Why this white Christian “leader” was silent about Trayvon Martin

Why this white Christian “leader” was silent about Trayvon Martin March 25, 2012

A question that’s lately been raised in the blogosphere (here; here; here) is why more white Christian leaders haven’t spoken out against the death of Trayvon Martin.

Putting aside the question of whether or not I’m a Christian leader (I’m not), when the story broke of young Martin’s death I did receive a number of requests to write about it. As touching and even humbling as those requests were, they also felt about on par with being asked to play a kazoo at a requiem mass. So I declined.

Words are supposed to mean something. They’re supposed to have an Actual Effect. Everyone knows that what happened to Trayvon Martin is well beyond words.

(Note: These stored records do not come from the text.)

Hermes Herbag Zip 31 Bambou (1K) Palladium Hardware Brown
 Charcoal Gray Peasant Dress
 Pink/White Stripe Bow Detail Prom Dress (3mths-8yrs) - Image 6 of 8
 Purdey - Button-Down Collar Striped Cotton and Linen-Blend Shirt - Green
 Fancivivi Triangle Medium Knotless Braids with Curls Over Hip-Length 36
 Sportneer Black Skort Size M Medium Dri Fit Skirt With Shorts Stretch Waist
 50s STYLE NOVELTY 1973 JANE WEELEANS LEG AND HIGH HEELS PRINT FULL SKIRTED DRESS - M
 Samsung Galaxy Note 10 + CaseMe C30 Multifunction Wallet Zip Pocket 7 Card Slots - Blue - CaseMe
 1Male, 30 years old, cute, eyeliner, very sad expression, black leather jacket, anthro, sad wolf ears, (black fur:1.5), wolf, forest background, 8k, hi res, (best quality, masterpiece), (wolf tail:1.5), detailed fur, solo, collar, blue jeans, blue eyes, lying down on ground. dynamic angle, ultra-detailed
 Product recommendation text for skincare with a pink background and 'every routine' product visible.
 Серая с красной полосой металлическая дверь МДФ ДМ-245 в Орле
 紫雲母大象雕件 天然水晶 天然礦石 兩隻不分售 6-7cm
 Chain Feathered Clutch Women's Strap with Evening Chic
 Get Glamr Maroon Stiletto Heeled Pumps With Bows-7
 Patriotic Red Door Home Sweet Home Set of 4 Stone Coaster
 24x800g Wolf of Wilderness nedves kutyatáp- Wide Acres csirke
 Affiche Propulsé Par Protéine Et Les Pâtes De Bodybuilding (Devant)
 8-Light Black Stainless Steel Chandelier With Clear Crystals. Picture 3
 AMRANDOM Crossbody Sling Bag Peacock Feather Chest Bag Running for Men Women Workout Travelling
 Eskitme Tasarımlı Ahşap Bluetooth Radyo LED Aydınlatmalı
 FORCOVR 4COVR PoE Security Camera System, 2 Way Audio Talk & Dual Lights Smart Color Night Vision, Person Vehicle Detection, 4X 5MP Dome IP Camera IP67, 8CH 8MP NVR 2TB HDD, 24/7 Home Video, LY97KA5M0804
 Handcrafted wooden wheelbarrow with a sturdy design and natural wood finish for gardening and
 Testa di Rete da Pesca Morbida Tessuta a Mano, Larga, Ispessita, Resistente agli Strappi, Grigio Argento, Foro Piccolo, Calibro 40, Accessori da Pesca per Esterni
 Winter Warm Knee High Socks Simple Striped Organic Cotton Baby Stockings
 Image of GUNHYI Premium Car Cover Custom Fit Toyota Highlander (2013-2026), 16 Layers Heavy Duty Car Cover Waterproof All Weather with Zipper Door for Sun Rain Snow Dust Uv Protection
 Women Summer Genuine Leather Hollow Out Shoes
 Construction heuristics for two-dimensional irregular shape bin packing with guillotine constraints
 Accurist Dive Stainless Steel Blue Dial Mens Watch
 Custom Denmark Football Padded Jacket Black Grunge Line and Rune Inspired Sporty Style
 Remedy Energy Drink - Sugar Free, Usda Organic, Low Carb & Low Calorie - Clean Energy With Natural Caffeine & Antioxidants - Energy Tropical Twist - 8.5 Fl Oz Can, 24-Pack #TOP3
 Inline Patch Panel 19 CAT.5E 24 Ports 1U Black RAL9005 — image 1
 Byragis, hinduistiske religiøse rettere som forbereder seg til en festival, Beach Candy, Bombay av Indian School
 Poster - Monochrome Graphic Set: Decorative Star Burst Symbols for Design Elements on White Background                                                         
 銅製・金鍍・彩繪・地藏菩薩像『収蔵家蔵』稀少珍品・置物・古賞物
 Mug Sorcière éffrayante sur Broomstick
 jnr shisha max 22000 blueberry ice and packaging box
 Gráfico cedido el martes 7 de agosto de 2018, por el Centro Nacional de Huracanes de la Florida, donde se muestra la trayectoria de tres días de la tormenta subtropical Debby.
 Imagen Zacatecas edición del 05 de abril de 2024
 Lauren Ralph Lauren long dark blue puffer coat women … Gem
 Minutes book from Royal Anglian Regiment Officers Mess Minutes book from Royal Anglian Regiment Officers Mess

We all know that his murder was a horrendous, numbing affront, a ghastly abomination beyond articulation.

We all know that when Trayvon Martin was killed, we all died a little.

What is there to really say about that? That murder is bad? That racism is bad?

Murder is bad. Racism is bad. The fact that in America today it’s easier to buy a gun than a vanity license plate is bad. That George Zimmerman still hasn’t been arrested for the murder of Trayvon Martin is so bad it would outrage Satan himself.

We know all of this.

I was ten years old when Martin Luther King was murdered. Everyone I knew was in deep mourning for weeks if not months.

When Tommie Smith and John Carlos raised their fists at the 1968 Olympics, my heart caught in my chest; I literally couldn’t breathe.

Anyone of any age at all during any phase of the civil rights movement knew that a just and more righteous America was finally emerging from its nightmarishly racist past. That vibrant, sometimes violent but always cleansing energy was everywhere. There was  a riot goin’ on; the revolution was being televised.

It was real. It was happening. A new America was being born.

And forty-five years later here I am, watching yet another senseless racist murder dominate the news for a week or so.

Here I am, knowing there are people out there proud to now be sporting on their car or wheelbarrow this bumper-sticker:

 

Here I am, playing my kazoo.

(Of course, all this depression aside: how cool is the reason that bumper sticker exists in the first place?)